Her mission as the poster child for the death acceptance movement involves opening her own mortuary and educating the masses on how to prepare a dead body in one's own home should the occasion arise. Essentially Caitlin wants to remove fear from the death equation.
"People are taught to think corpses are dangerous, or scary", she explains. "It's living people that can be dangerous and scary, corpses are benign and beautiful. And taking care of them yourself is an incredible experience we just don't have anymore."
As easily spooked as I am, talking with Caitlin in her funny, upbeat, no-nonsense manner, she has a way of making corpses, decomposition, burial, or lack thereof (both of us have a desire to be left to nature, preferably eaten by animals, after death), sound rather appealing.
"Louise, Louise...you just have to keep telling your husband every day that you want your body to be eaten by animals. Be calm about it or whatever, but don't stop until he agrees to do it!" And like a Fairy Death Mother, she strengthens my resolve.
In Caitlin's world there are no apparitions, or walking dead, or EVPs. She doesn't deal in scary stories or Creepy Corners. Contacting the dead means something very different. To her there is only the acceptance, even the comfort, that we are all going to die, and you can either deny it or embrace, accept, and understand what happens to the body post-mortem -- it doesn't have to be scary, it can even be lovely.
Caitlin and her forum, Order of the Good Death are working very hard to bring you to the latter.

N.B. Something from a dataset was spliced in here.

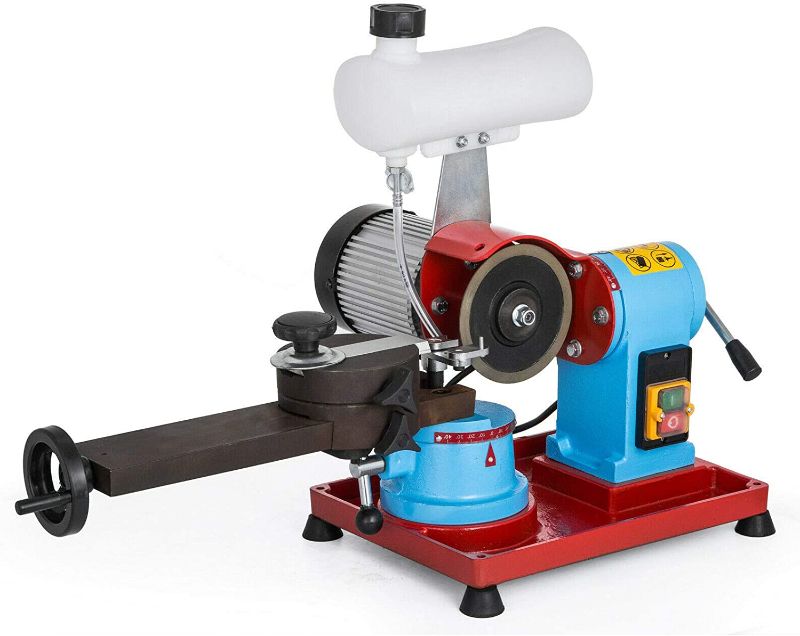 Photo 1 of VEVOR Round Circular Saw Blade Grinder Machine 110V 370W Rotary Angle Mill Sharpener 125mm Electric Saw Blade Sharpener Machine for Sharpening Carbide Tipped Saw Blades (W/Water Tank)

As our evening came to a close and we bid farewell to our "morgue reporter" bartender, we started making our way through the "rough part" of Chinatown, as her dad put it, back to Caitlin's car. Giggling about how exactly "not rough" Chinatown was, we joked how it would be delicious clickbait if the Creepy Corner lady was found dead in the company of The Mortician.
Laughing her big, clear laugh, she walked steadily onward saying, "Wouldn't that be perfect?"